Uendel Nunes diz que o futebol tem o poder de unir pessoas pretas e periféricas até mesmo pela questão da identificação, sabendo que muitos ídolos do esporte vieram de comunidades (Reprodução/Periferia em Movimento)

SÃO PAULO – “A gente que mora em comunidade tem pouco para se divertir. Então, quando surge um evento que podemos nos sentir parte, mesmo como apenas torcedores, é mágico. A Copa do Mundo faz isso, une a favela apesar das dores e dificuldades que o povo enfrenta”, avalia Malu Campos Silva, estudante e moradora de Heliópolis, região periférica de São Paulo. 

Pela primeira vez na história, o Qatar recebeu, de uma vez, mais de 3,2 mil visitantes brasileiros nos primeiros dez dias do mês de novembro, devido à Copa do Mundo sediada no País – número que pode ter triplicado na última semana. No entanto, muitos brasileiros – em especial, aqueles que fazem parte da camada mais pobre da sociedade – não podem viajar, o que não os impede de torcer pelo Brasil em suas respectivas comunidades.
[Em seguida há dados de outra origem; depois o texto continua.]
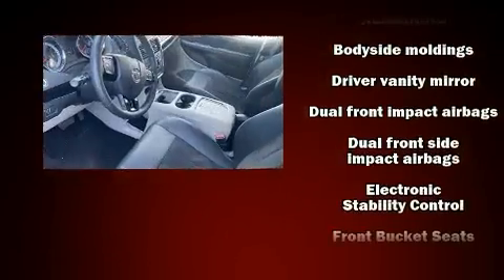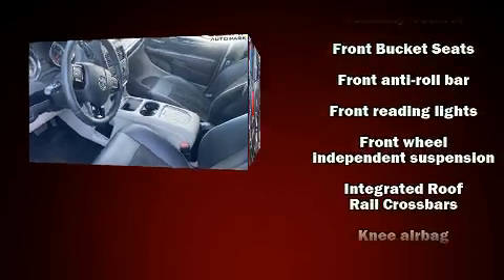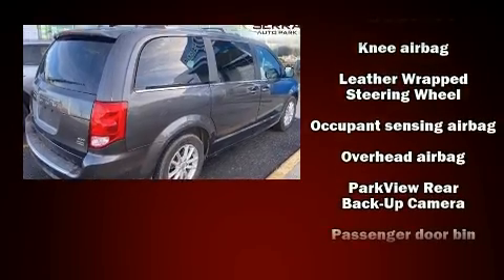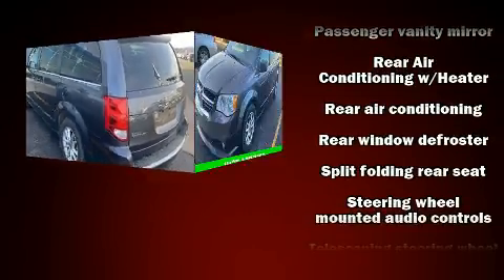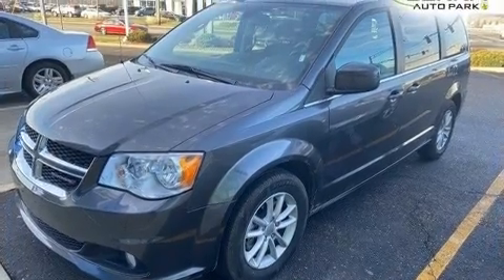Passengers are protected by various safety and security features, including head curtain airbags, front side impact airbags, traction control, a security system, and four-wheel disc brakes with ABS. Electronic stability control ensures solid grip atop the road surface, no matter how challenging the driving conditions.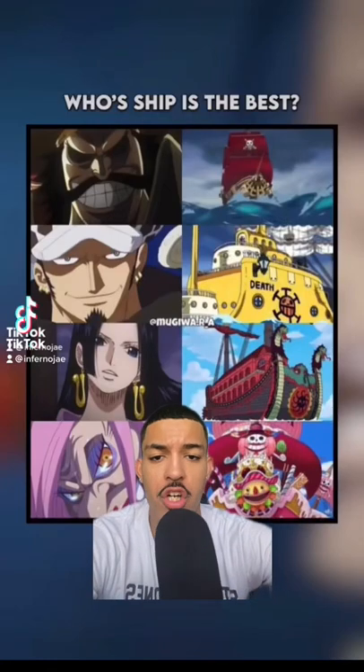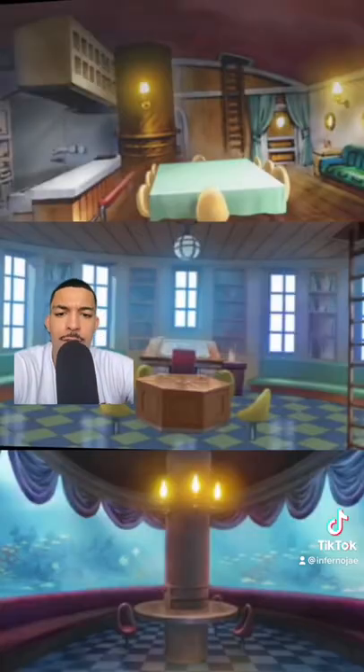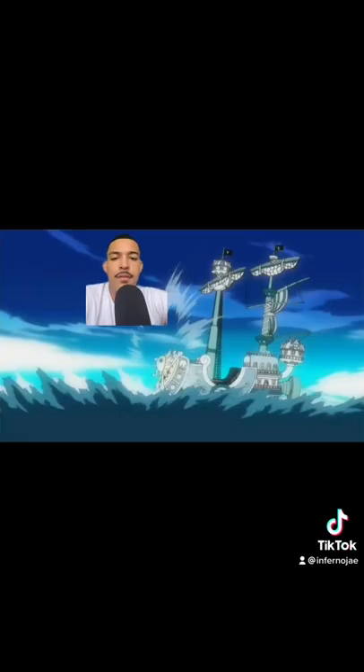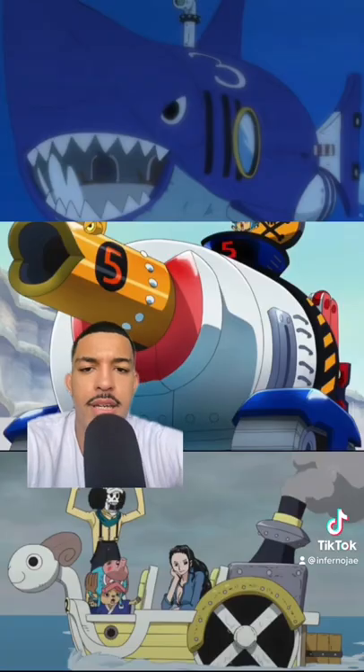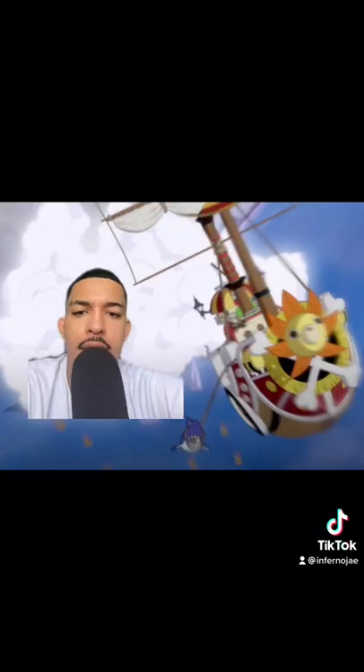Which One Piece ship is the best? If you're talking usefulness, it's none of these — pretty obvious — but it's the Thousand Sunny. First of all, for being a pirate ship, the interior design is exceptional. It looks like it could be a cruise ship; it has an aquarium in it. It has numerous defenses such as being able to shoot energy beams, and it can deploy vehicles like mini boats, tanks, and even submarines.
Menino ajuda a pintar as ruas de sua comunidade (Reprodução/Periferia em Movimento)

Para o publicitário, artista visual e colagista Uendel Nunes, o futebol está presente na identidade e cultura do povo brasileiro. “2022 é um daqueles anos em que a gente veste a camisa da seleção com um propósito: acompanhar a Copa do Mundo e aguardar o tão esperado hexa do Brasil”, ressalta.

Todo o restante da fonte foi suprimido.